= John Moody (British Army officer) =

British Army officer

John Moody (c. 1677 - 1736) was an officer in the British army who served as deputy governor of Placentia from 1714 to 1717.

In 1703, Moody was named a lieutenant serving with Michael Richards in Newfoundland. When Thomas Lloyd was removed from command of the garrison at St. John's in October 1704, Moody was left in charge. In January 1705, Moody's men at Fort William were attacked by French troops from Placentia; although heavily outnumbered, they were able to hold off the enemy. As a result, in 1707, he was named a lieutenant in the Coldstream Guards.

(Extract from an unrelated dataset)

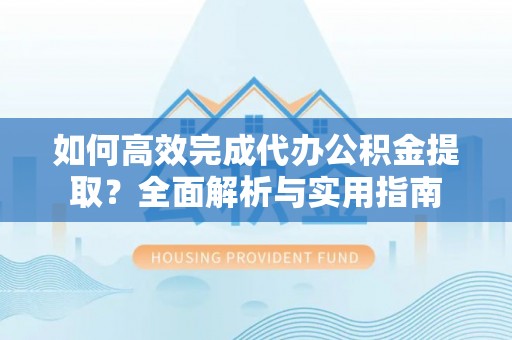 精准如何高效完成代办公积金提取？全面解析与实用指南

When Britain was given control of Placentia by the Treaty of Utrecht, Moody was promoted to lieutenant-colonel and appointed deputy governor of Placentia; at the time, Placentia fell under the control of the governor of Nova Scotia, Francis Nicholson. Moody was able to purchase the estates of the departing French residents; this brought him into conflict with English fishing captains who visited the area and who used areas on shore to store and dry their catch.

He was called back to England in 1717 to answer complaints laid against him and to settle the garrison's accounts. Martin Purcell was named to the position of deputy governor but never came to Newfoundland. Moody settled in London, where he lived on half-pay until his death.